Multiscale Fluid-Solid Interaction in Heterogeneous Materials and Interfaces
Funding:EU FP7 People - Marie Curie Actions: Career Integration Grant
Project Duration:Start Date: October 1st, 2012
Completion Date: October 1st, 2016
Summary:Fluid-solid interaction (FSI) governs nature. From soft tissue modeling to lubrication technology, FSI problems in biomechanics and engineering are a major challenge in computational science. This challenge is further intensified by the multiscale structure of materials and interfaces as well as by the finite configurational change (FCC) that a microstructure experiences under large deformations. The goal of this research is to investigate novel computational strategies for the modeling and analysis of multiscale FSI in heterogeneous materials and interfaces with FCC on all scales and homogenization as the core scale-transition technique.
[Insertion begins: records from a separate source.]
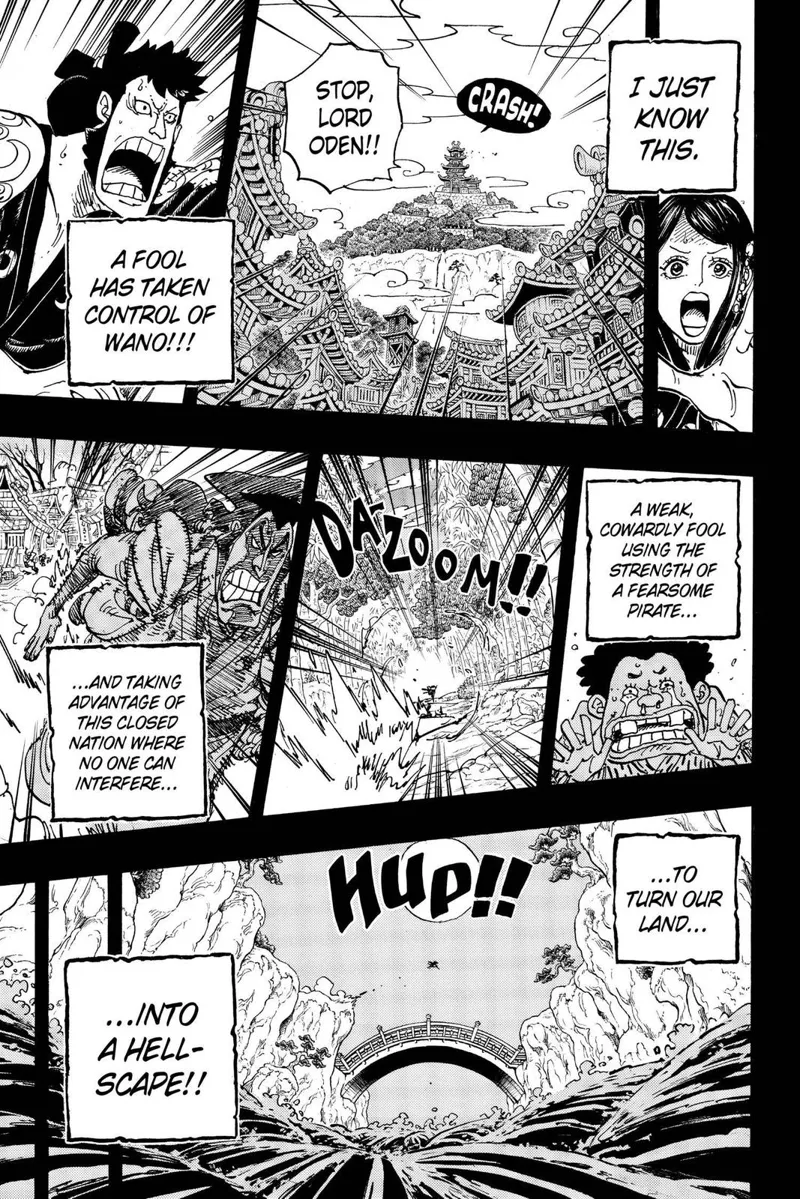One Piece chapter 968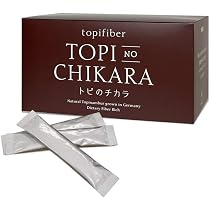 Amazon | トピのチカラ 105包 「トピファイバー」配合の国内唯一の 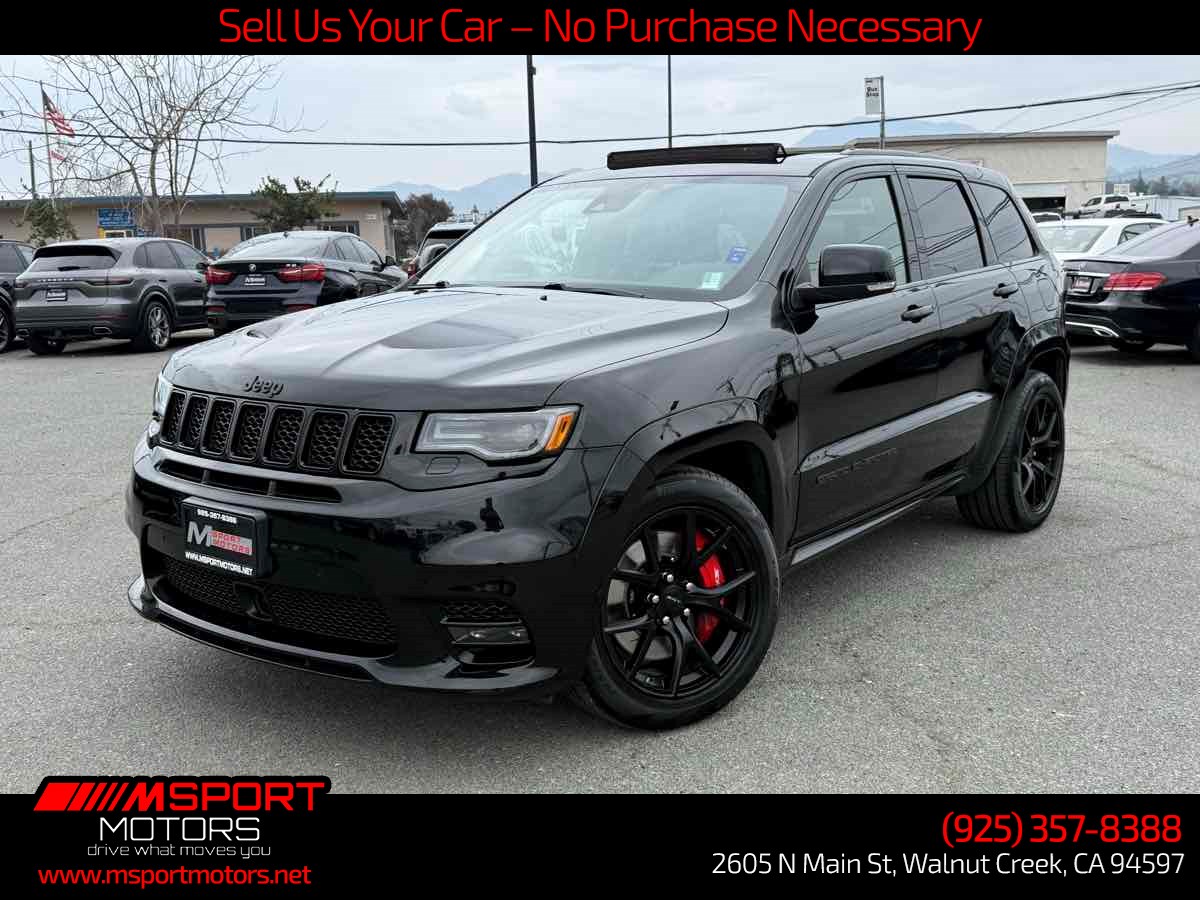 2021 Jeep Grand Cherokee SRT - Photo 3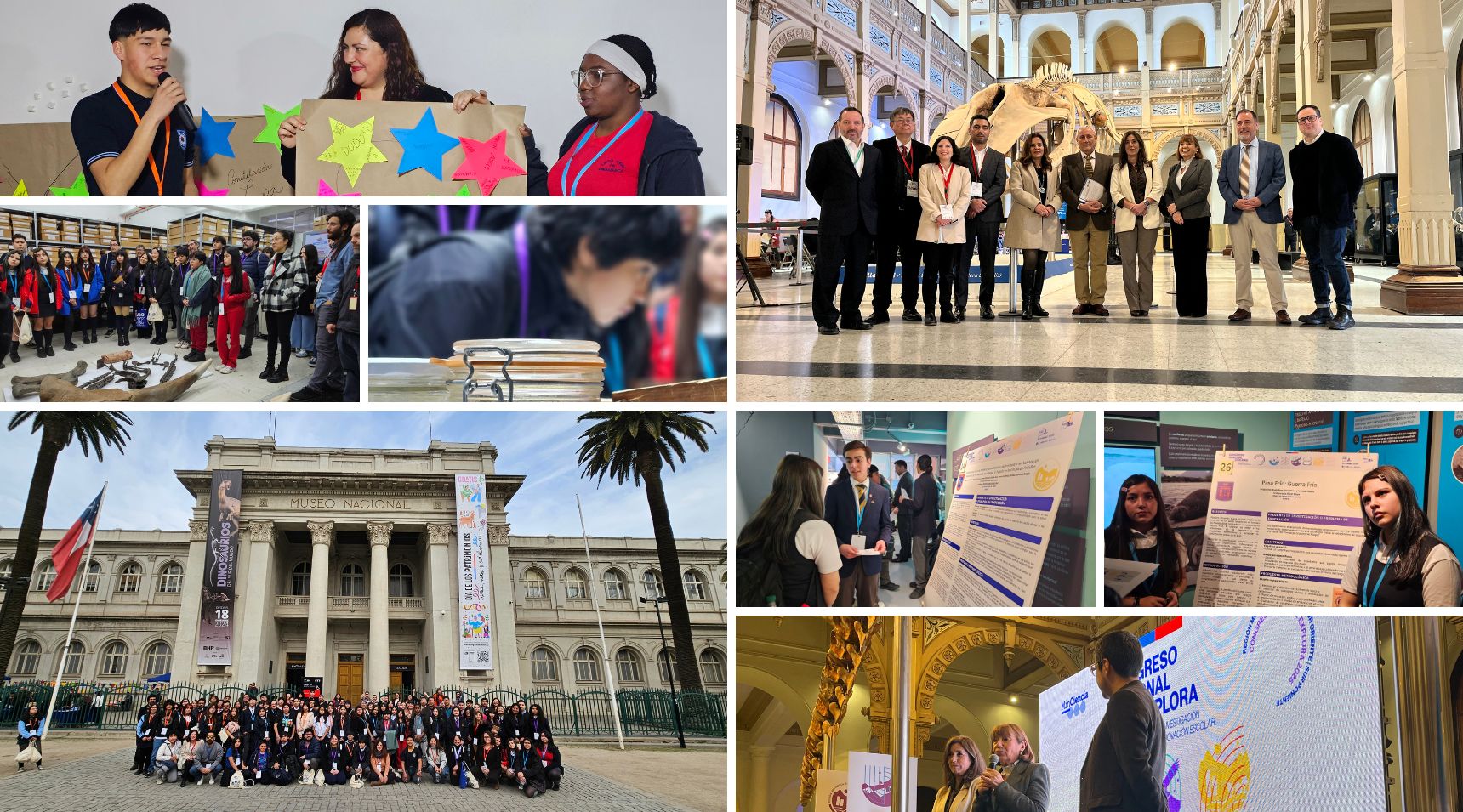 Congreso Regional Explora Reunió a Estudiantes de la Región Metropolitana que presentaron sus proyectos de Investigación e Innovación Escolar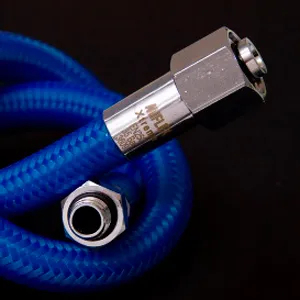 Miflex Xtreme LP Regulator Hose 90cm - 36" (Blue) - 3/8"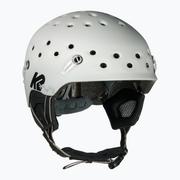 Kaski narciarskie - Kask narciarski K2 Route szary 10E4103.1.2.L/XL - miniaturka - grafika 1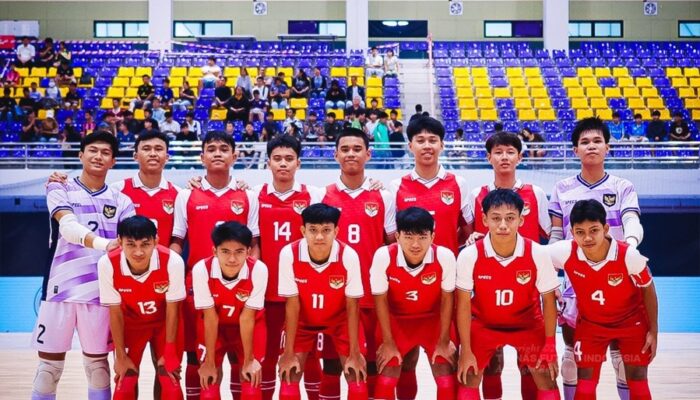 Timnas Futsal Indonesia U-16 Juara ASEAN 2025 Usai Tundukkan Thailand 4-3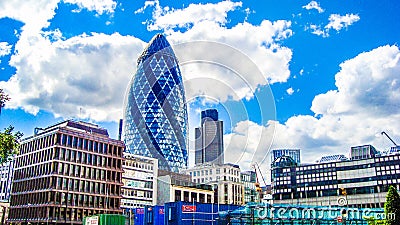 Gherkin building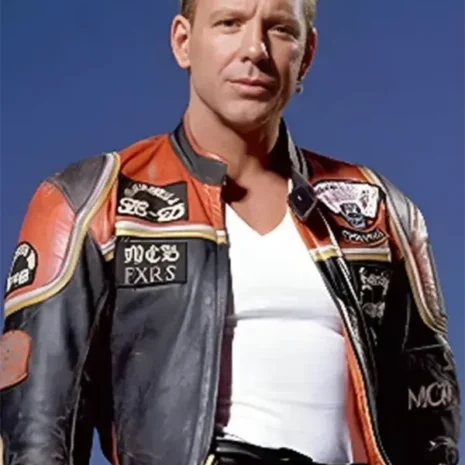 Harley Davidson Marlboro Motorcycle Leather Jacket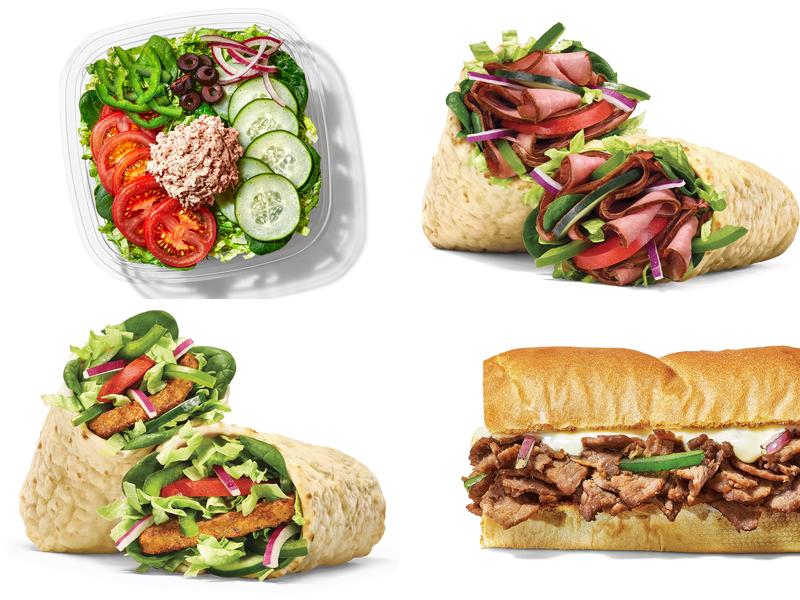 Subway 630 1/2 Rose Dr, Big Lake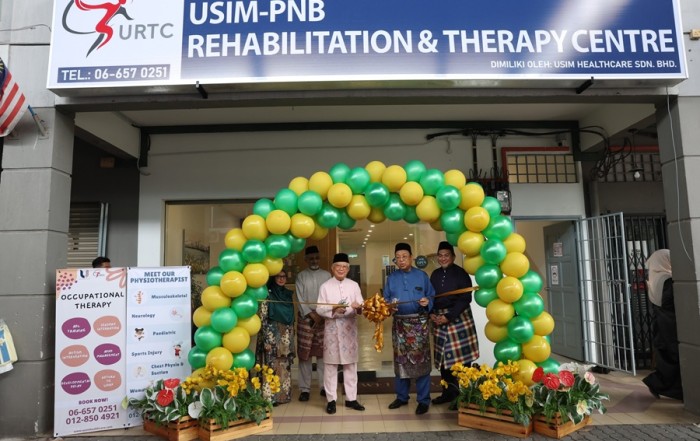 Perasmian USIM-PNB Rehabilitation & Therapy Centre (URTC) sempena Sambutan 10 Tahun Klinik Pakar Usim Healthcare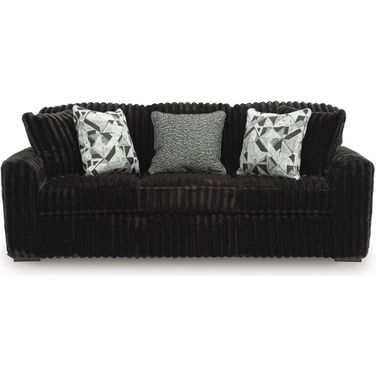 Midnight-Madness Sofa In Onyx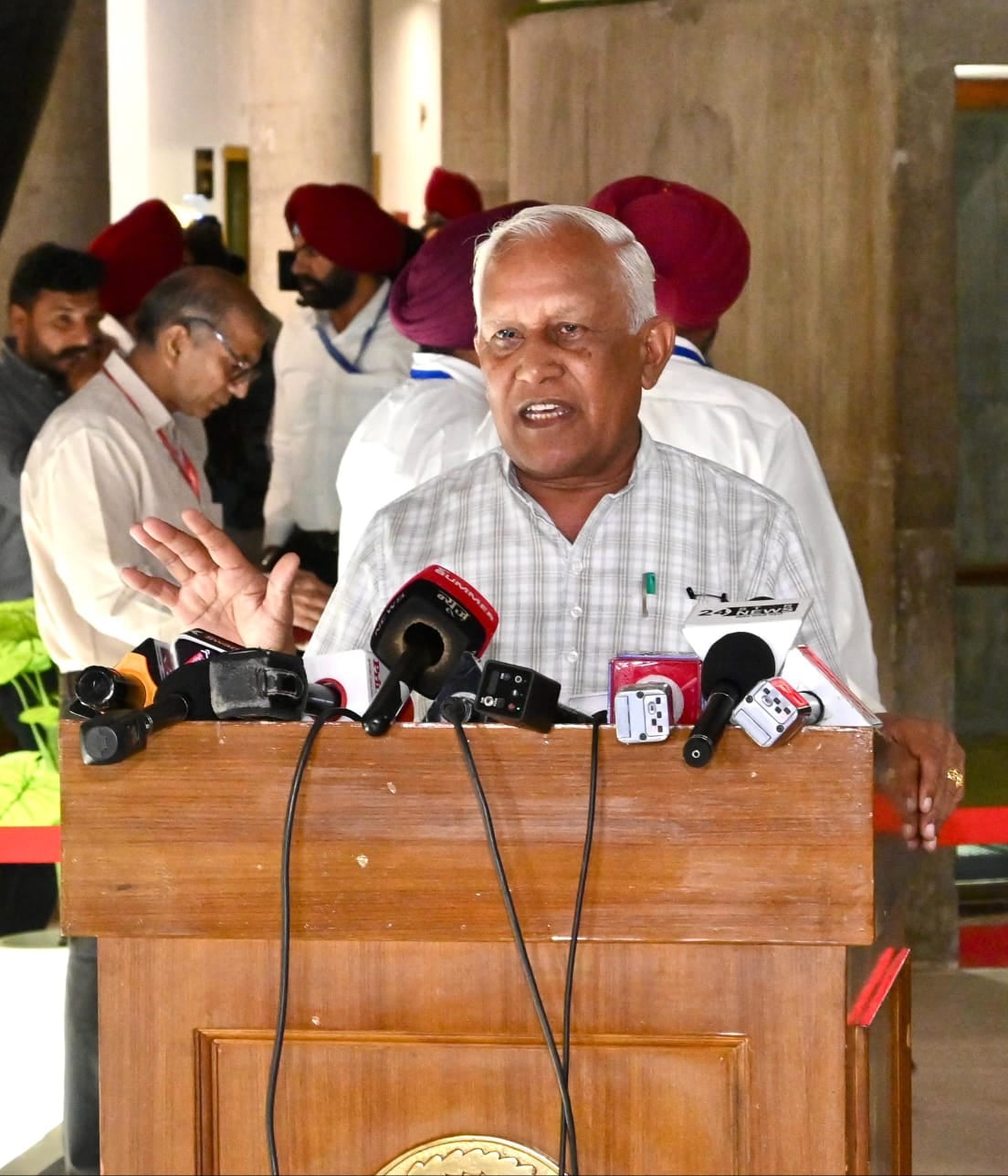 Mann govt steps up anti-drug drive, mobilises 1.26 lakh members : Barinder Kumar Goyal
The examples that will motivate and guide this research are potential biological and industrial applications of the novel computational framework: (1) soft porous materials such as the articular cartilage that functions together with pore-level fluids in order to provide mechanical support, and (2) textured interfaces in bearings and polymeric seals that deliver improved tribological performance for rotating machinery.
The work that has been reported in the publication(s) listed below was (partially) funded by this project.
- Yıldıran, İ.N., Temizer, İ., Çetin, B. (2017). "Homogenization in Hydrodynamic Lubrication: Microscopic Regimes and Re-Entrant Textures", Journal of Tribology, v. 140 p.011701(1-19)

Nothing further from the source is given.